L’appareil est maintenant beaucoup plus sensible, ce qui veut dire qu’il peut capter des vagues provenant de plus loin dans le cosmos. Et comme les événements qui génèrent ces vagues ne se produisent pas si souvent, le fait de pouvoir sonder une plus grande portion du ciel augmente les chances de détection.

Lors de notre passage, la toute première ronde de mesures de LIGO avancé était prévue pour la semaine suivante.

« Ce sera la première fois qu’on explorera le ciel avec une telle sensibilité. Il faut être prêt à tout », dit Brian O’Reilly avec une fébrilité évidente.

Mais plusieurs problèmes restaient à régler et la tension était palpable. La ronde de mesures a fini par être retardée d’une semaine et demie. Les chercheurs préviennent qu’il faudra sans doute des mois, voire quelques années, avant de détecter une onde gravitationnelle.

Brian O’Reilly estime aujourd’hui la probabilité de succès à 95 %. Gabriela Gonzalez la place à 99 %. Et ici, personne n’est dupe : une telle découverte aurait de fortes chances d’être auréolée d’un prix Nobel.

« Au cours des prochaines années, soit on va détecter quelque chose, soit nous devrons avoir une sérieuse discussion sur les raisons pour lesquelles on ne voit rien », résume Brian O’Reilly.

UNE NOUVELLE FAÇON DE SONDER LE COSMOS

Si les chercheurs du LIGO déploient tant d’efforts à essayer de capter des ondes gravitationnelles, ce n’est pas pour confirmer leur existence. La relativité générale a 100 ans et tout le monde ici a foi en ses prédictions.

Les chercheurs espèrent plutôt qu’après avoir parcouru le cosmos jusqu’à la Terre, les ondes gravitationnelles leur fourniront des informations sur les événements qui les ont générées.
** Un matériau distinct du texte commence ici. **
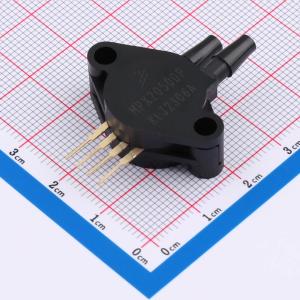 MPX2050DP商品缩略图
« Il ne s’agit pas de tester Einstein. Il s’agit de comprendre les trous noirs, les étoiles à neutrons, peut-être d’autres sources d’ondes gravitationnelles que nous ne connaissons pas encore », explique Gabriela Gonzalez, de l’Université de la Louisiane.

Les scientifiques espèrent capter des ondes gravitationnelles émises par des objets du cosmos qu’aucun télescope actuel ne peut voir, comme certains amas globulaires. Et, pourquoi pas, détecter celles émises par la mère de tous les événements, le Big Bang.

« Pouvoir lire l’Univers à travers les ondes gravitationnelles lancerait tout un nouveau champ en astronomie, dit le scientifique Brian O’Reilly. Ce serait le début d’une nouvelle ère. »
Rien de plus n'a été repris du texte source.